Signed Stamps

A major difference between European and American philately is how collectors in those areas view the signing of stamps. Signing stamps on the back, usually with a handstamp and usually in ink, began in the late Nineteenth Century in Germany as a dealer identification marking. Dealers would sign the stamps that they sold and such signatures, by prestigious companies such as the Senf Brothers, became an early form of guarantee. If Senf sold it, the stamp was genuine and the new owner could buy and sell the stamp confident that he was dealing with the genuine article. This signature system has evolved to the current European system of expert signatures to the point where nearly every European stamp of value has been indelibly marked in ink by various experts to confirm genuineness and provenance.

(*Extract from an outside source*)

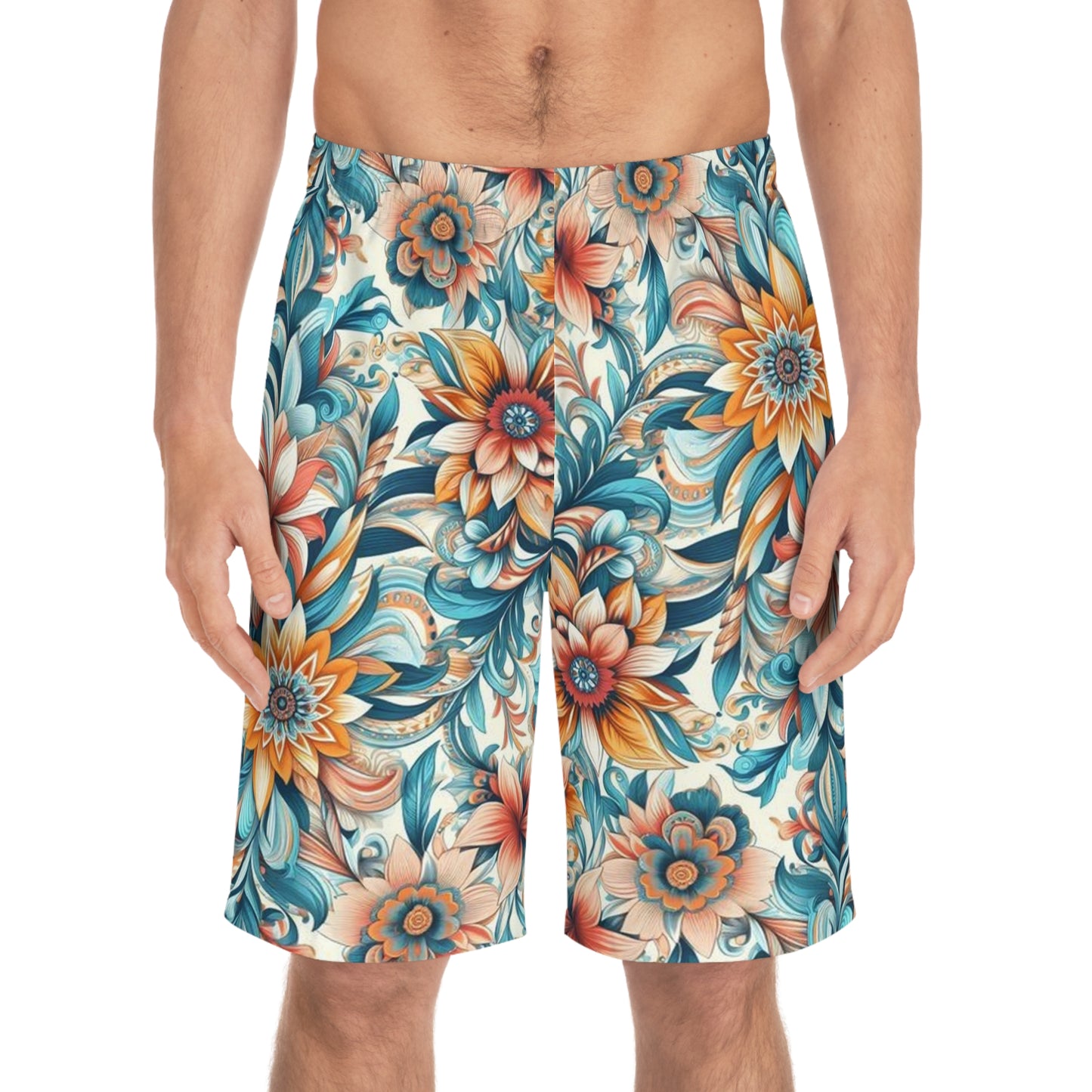 Juicy Clams Men's Board Shorts (1106)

Americans have always felt this system to be somewhat daft. If the goal in collecting is to find a specimen as close to post office issued quality as possible then the marking of stamps with ink to increase their value by proving genuineness doesn’t make much sense. We have evolved a far more extensive system of photo certificates in this country (and created it far earlier) than they have in Europe. But perhaps the difference is more philatelic than temperamental. By 1900 in Europe, forgeries were a major problem and before inexpensive photography a signature from a renown expert was the easiest way a collector had to set himself at ease that the stamp he was buying was genuine. Counterfeits on US stamps were much less of a problem until about 1930 (by which time photography was far cheaper) when counterfeit coils began flooding the market. This was because strongly enforced counterfeiting laws made knock offs of US stamps too risky whereas the major political transformations of Germany and Italy in the late Nineteenth Century made for hundreds of rare demonetized stamps which no government cared if anyone copied. Such a situation required a cheap and efficient way of proving genuineness and the system of signing stamps fit the bill.